Honeymoon registries (also known as a "travel registry" - a registry for travel related items) began in the 1990s as an additional service provided by travel agents and agencies.  Some are still set up in this manner and require the wedding couple to use their travel agency to book their honeymoon.  More recent honeymoon registries are not involved with the planning and booking of the honeymoon. Instead, they provide the couple with a customizable web page to share their honeymoon plans with others and accept gifts toward the honeymoon.  As "non-traditional" registry options such as a honeymoon registry become more popular, large registry services have added this option to complement their "traditional" fare.

Services offered

Most honeymoon registries allow a couple to create and customize a registry web page with photos and details of their upcoming wedding and honeymoon.  Wedding guests are invited to visit the registry site so they may contribute a monetary gift to cover a portion of the honeymoon or a specific activity as detailed by the couple.

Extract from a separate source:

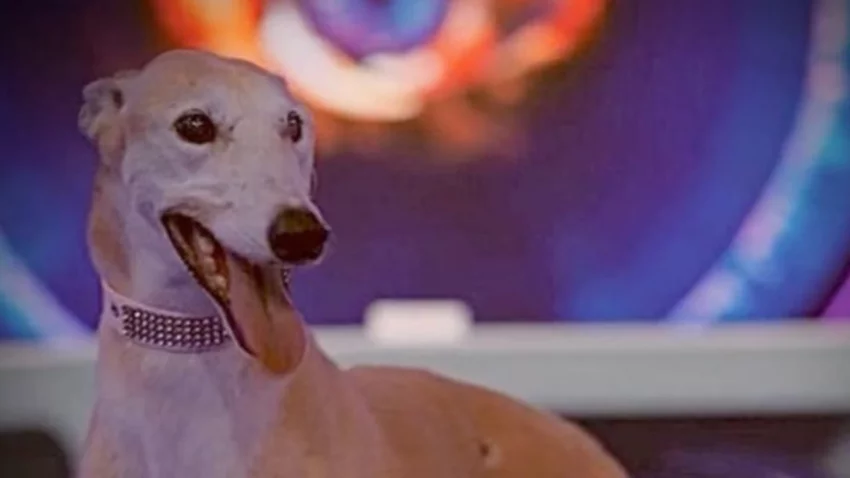 Gran Hermano: cuál de los "hermanitos" quiere adoptar a la perrita rescatada Paris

For example, a couple may list dinner at an elegant restaurant, scuba diving lessons, or portions of hotel and airfare.  These activities are displayed in an organized and user-friendly inventory format on their customized registry page. As wedding guests browse the registry page, they can make a gift, typically using a credit card, of any of the listed activities or give a general monetary gift of any amount towards the honeymoon.

Other common features of honeymoon registries:

 Messaging systems that allow wedding couples to email preformatted notices of their registry to wedding guests as well as print out invitation inserts.  Some services mail  invitation inserts to the wedding couple, but usually charge a fee to do so.
 Full tracking of gifts to assist couples in creating “Thank You” cards.
 Gift redemption is typically via mailed check, but some services provide wire services as an option.

Etiquette

As noted by The Wall Street Journal in a May 2008 review of popular honeymoon registry services:

"A honeymoon is a perfectly appropriate gift to request," says Peter Post, president of the Emily Post Institute, a Burlington, Vt., etiquette think tank. "There's no objection to it from an etiquette point of view."

Pros and cons

The positive aspects of honeymoon registries include helping the bride and groom register for experiences that may be more memorable than a traditional physical gift. The experiences become more affordable, and the process can be simpler that just giving a cash gift.

The negative aspects of honeymoon registries include the perceived stigma of asking for money, and the associated service fees charged by some registries.